Liebe Kolleginnen und Kollegen! Wir müssen das BAföG endlich Bologna-tauglich machen. Das betrifft nicht nur, wie in Ihrem Antrag, den Übergang vom Bachelor zum Master. Im einheitlichen Bologna-Raum darf es nicht mehr entscheidend sein, ob man innerhalb oder außerhalb der EU studiert.

Auch die Altersgrenze für den Bezug des BAföG entspricht längst nicht mehr der Realität. Man kann nicht ständig und überall die Förderung des lebenslangen Lernens als einziges Gegenmittel gegen den demografischen Wandel einfordern und dann den Menschen den Bezug der Studienförderung verwehren, weil sie bei Studienaufnahme das 30. Lebensjahr vollendet haben oder den Master nach ihrer Berufstätigkeit mit mehr als 35 Jahren beginnen wollen.

Schließlich ist es eine Tatsache, dass die Vorstellung des Durchschnittsstudierenden – männlich, Anfang 20, kinderlos, elternfinanziert – heute weit weniger der Realität entspricht, als sie es ohnehin je getan hat. Sachsen verzeichnet zum Beispiel mit 7,2 % eine überdurchschnittliche Rate an Studierenden mit Kindern. Diese für unser Land erfreuliche Tatsache führt allerdings auch zu einem anderen Studierverhalten und anderen finanziellen Belastungen. Dem muss BAföG Rechnung tragen, etwa indem auch Teilzeitstudiengänge förderfähig gemacht werden

und die höheren Kosten junger Eltern sich stärker in den Bedarfssätzen bemerkbar machen.

Liebe Kollegin Fiedler, Sie sehen also, unser Änderungsantrag hat das Ziel, Ihren gut gedachten Antrag rund zu machen.

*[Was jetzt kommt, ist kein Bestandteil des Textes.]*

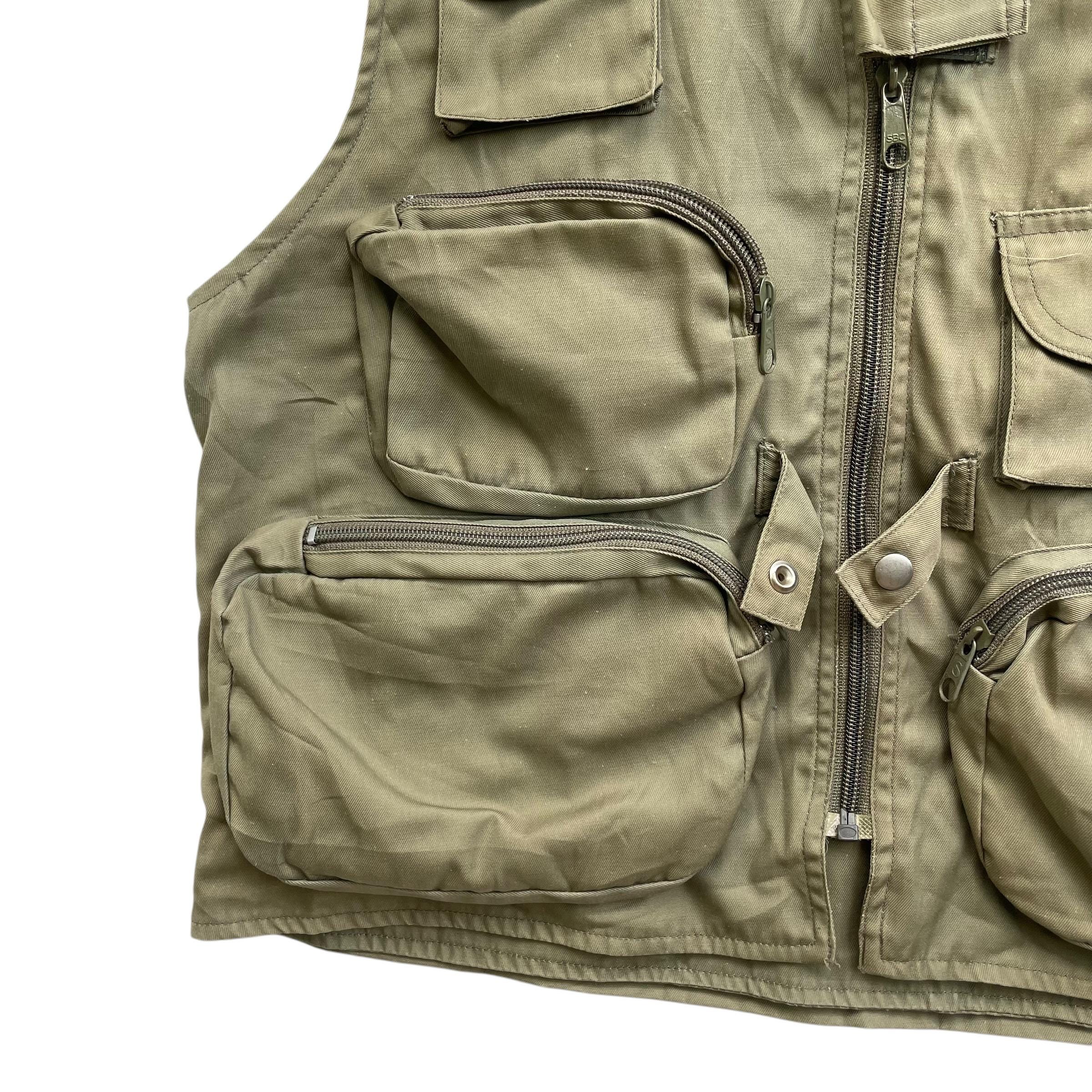 Vintage 90s Super Possum All Round Fishing Vest Tactical Multi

(Aline Fiedler, CDU: Danke!)

Wenn die Staatsregierung sich auf Bundesebene für ein Komplettpaket einsetzt anstatt nur für kosmetische Reparaturen, dann bin ich zuversichtlich, dass das BAföG auch weiterhin einen Beitrag zum Studienerfolg leisten wird. Dann kommen wir in Ihrem Sinne wirklich einen Schritt vorwärts und trippeln nicht nur auf der Stelle.